Proof Launches Stage 2 of Its January 6 Coverage
Proof’s January 6 reporting—which has provoked lawsuit threats from and texts between key January 6 actors, and often appeared in the U.S. House record—is moving from investigation to evidence review.
“He [Seth Abramson] is like a dog with a bone.”
— Trump adviser Katrina Pierson to Women for America First Cofounder Amy Kremer, referring to the January 6 reporting at Proof
Introduction
The first two years of Proof have been a wild ride.
This media outlet evolved into a sprawling, 14-section center for curatorial journalism that accrued a readership of 75,000 and became one of the Top 15 political substacks in the world.
It was cited in the successful House January 6 Committee referral of Steve Bannon for criminal prosecution by the Department of Justice. Its reports were entered into the Congressional record during the second impeachment trial of Donald J. Trump. It was the subject of private texts between two of the key event-planners behind January 6, Trump adviser Katrina Pierson and Women for America First capo Amy Kremer.
In 2022, the House January 6 Committee even reached out directly to Proof for aid.
Shortly thereafter, Proof published the fourth book in the New York Times-bestselling Proof series: Proof of Coup: How the Pentagon Shaped An Insurrection. The book tells the story of events so critical to national security, politically sensitive, and (not to put too fine a point on it) historically contingent—because they remain under active federal investigation—that they don’t even appear in the sprawling final report of the House January 6 Committee.
Proof has been the subject of lawsuit threats from key January 6 figures Roger Stone and Michael Flynn, as well as the co-founder of the Proud Boys, Gavin McInnes.
And Proof is currently being sued for $25 million by an attorney linked to the Flynn family, Kash Patel, Truth Social head (and former GOP congressman) Devin Nunes, and the First Amendment Praetorians (bodyguards for Flynn, Ali Alexander, Patrick Byrne, Sidney Powell and other Trumpist leaders in the post-election period in 2020).
January 6 reporting at Proof has been cited by major-media news outlets around the world, and even helped launched a Brazilian congressional inquiry into the actions of neo-fascist Eduardo Bolsonaro, the son of Trump ally and former Brazilian president Jair Bolsonaro. (You can read much more about the odd, frenetic history of Proof here.)
And now, in these opening hours of 2023, Proof is about to enter a striking new phase in its celebrated January 6 investigation.

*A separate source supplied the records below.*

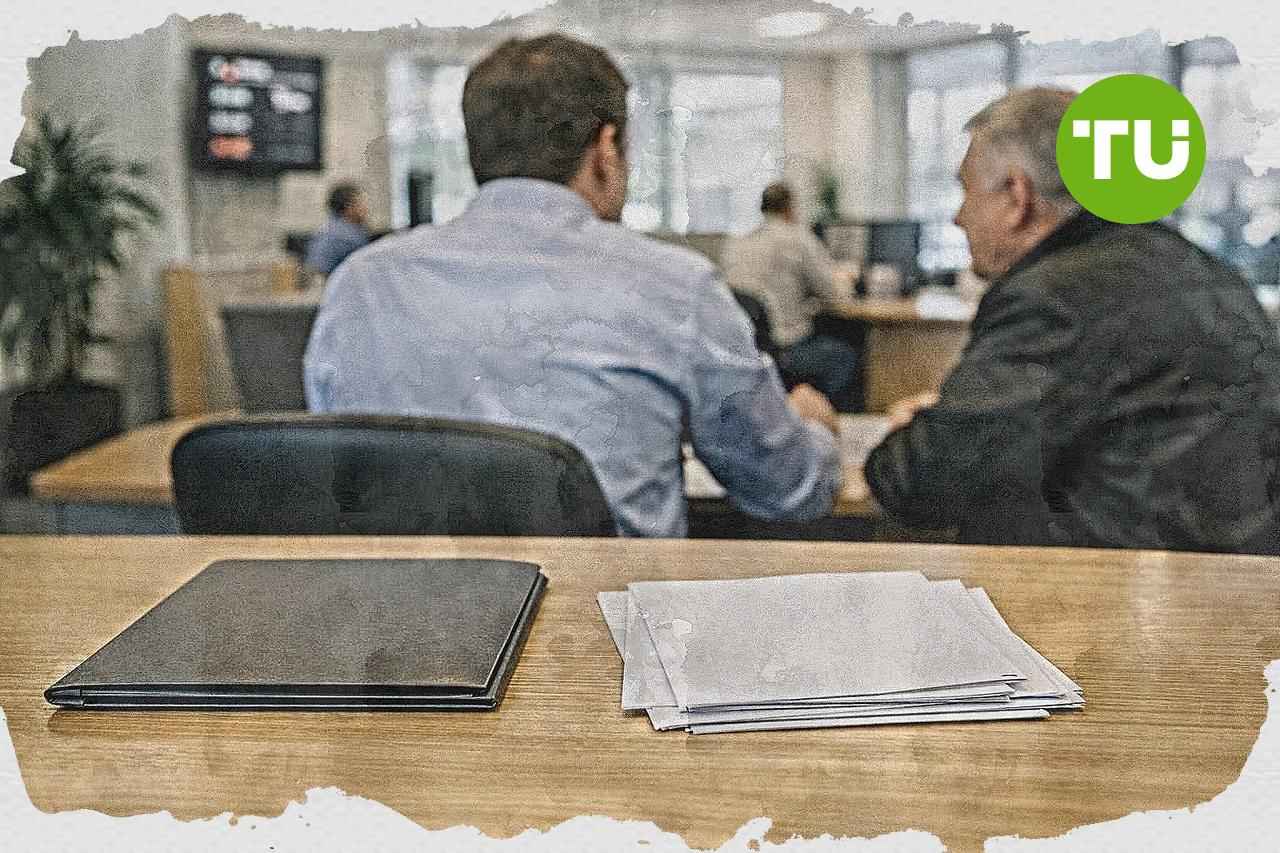 L’AMF alerte sur les contraintes des parts sociales dans un PEA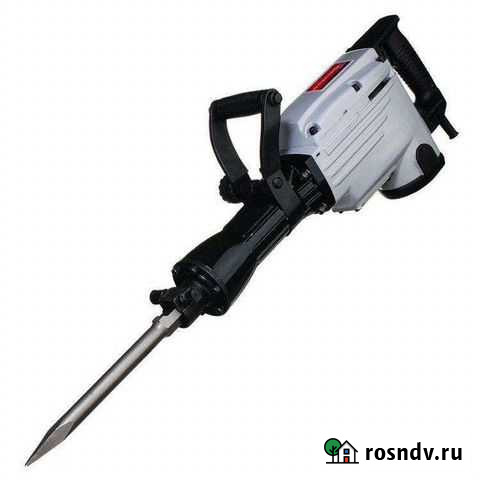 Слом перегорок, стен в квартире Нижний Новгород - изображение 1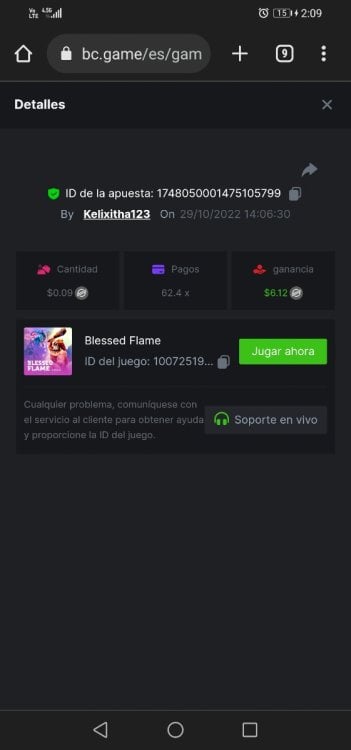 Screenshot_20221029_140956_com.android.chrome.thumb.jpg.8ddcf26ac9a0b5cceb2db8fbfbf84ba9.jpg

The Three Stages of An Investigation
From its founding in January 2021—just a week after the events of January 6—Proof has followed (a) the curatorial journalism methods I taught as a journalism professor at University of New Hampshire, and (b) the investigative methods that I employed as a federal criminal investigator in D.C. in the 1990s. My journalistic and investigative practices are informed by years of criminal defense work in multiple jurisdictions as an attorney, up to and including coordination and execution of investigative and trial-advocacy strategies in First-Degree Murder cases.
Every investigation worth its salt has at least three discrete stages.

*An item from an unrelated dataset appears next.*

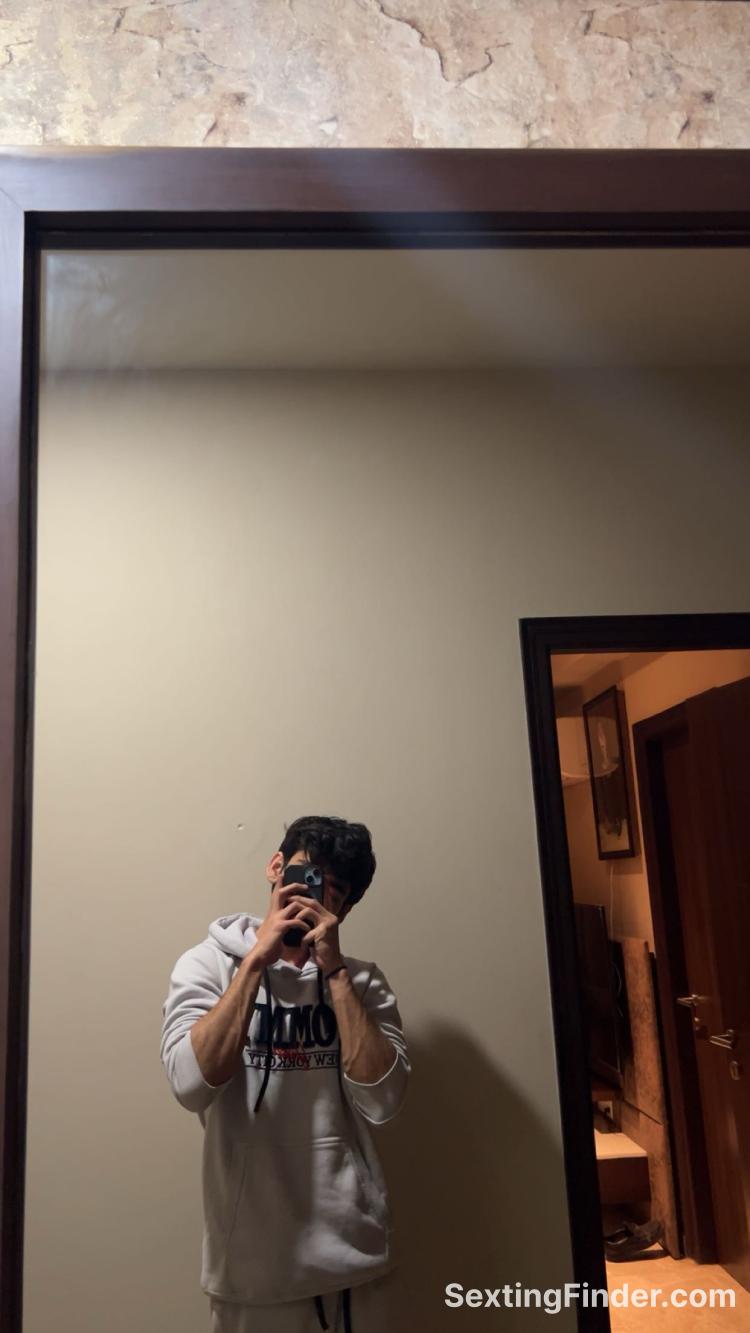 2a316de0-2ec7-11f1-80f0-418ad46a7f07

(1) Building a theory of the case and collecting supporting evidence. Since every criminal case begins, on the defense side at least, with certain documents already prepared by the government—most notably police reports, but in some cases also photographs, timelines, witness interviews, maps, and other such investigative work product—an investigator is often in a position to develop an initial theory of the case (that is, a narrative of what most likely happened in a given situation and why) with the aid of these seminal documents.
January 6 is no exception. The work of law enforcement agents, corporate journalists, and independent researchers gave Proof a mountain of data with which to work in building a theory of the case for the coup plot behind January 6, as well as potential plans of action for collecting additional evidence that might confirm or deny such a theory. Those who don’t actually read Proof, and only casually consume social media content that discusses Proof, often mistake my work as a curatorial journalist (a type of investigative journalist) who has a background in criminal investigation and trial advocacy as the advancement of hard-and-fast notions about how a given criminal conspiracy unfolded. In fact, what Proof offers is the routine work of an investigator and a curatorial journalist—revealing what existing reliable evidence tells us, with an eye toward encouraging future investigations based on a well-sourced theory of the case.

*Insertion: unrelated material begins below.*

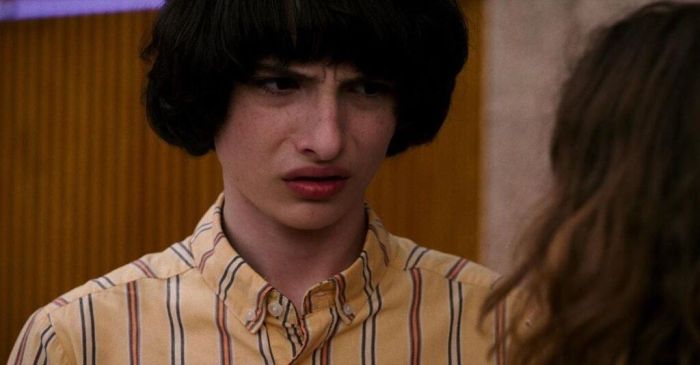 Το μόνο σίγουρο είναι ότι τα νέα επεισόδια θα είναι καλύτερα από κάθε προσδοκώμενο σενάριό μας και θα δοθεί σίγουρα ένα ικανοποιητικό τέλος στην σειρά.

To the extent Proof often ends its reports with explicit proposals for additional federal investigation(s), this project is clear to anyone who reads Proof and has a background in any of law, criminal investigation, or curatorial (investigative) journalism. It is also clear to anyone who simply approaches the work of this media outlet in good faith. All too often, however, what critics of Proof there are either never read Proof or do so with no background in (or even interest in) the professional pursuits that animate this site.
So much of the work that readers of Proof have found here over the last two years has been the basic work of a simultaneously journalistic and legalistic investigation in its earliest stages: synthesizing seminal evidence to create an investigative plan firmly rooted in a theory of the case, a theory that self-consciously remains unproven but is undergirded by what evidence presently exists. And since, in the law, proof is evidence that tends to support a given theory of a case (only those with no knowledge of the law equate the word proof to the phrase proof beyond a reasonable doubt), this publication has—from the day of its birth—been denominated Proof. If the aim of every report on this site had been to offer “proof beyond a reasonable doubt” for some ironclad and presumptively immovable theorem rather than “proof” advancing a mutable theory of the case, it would’ve instead been called Proof Beyond a Reasonable Doubt.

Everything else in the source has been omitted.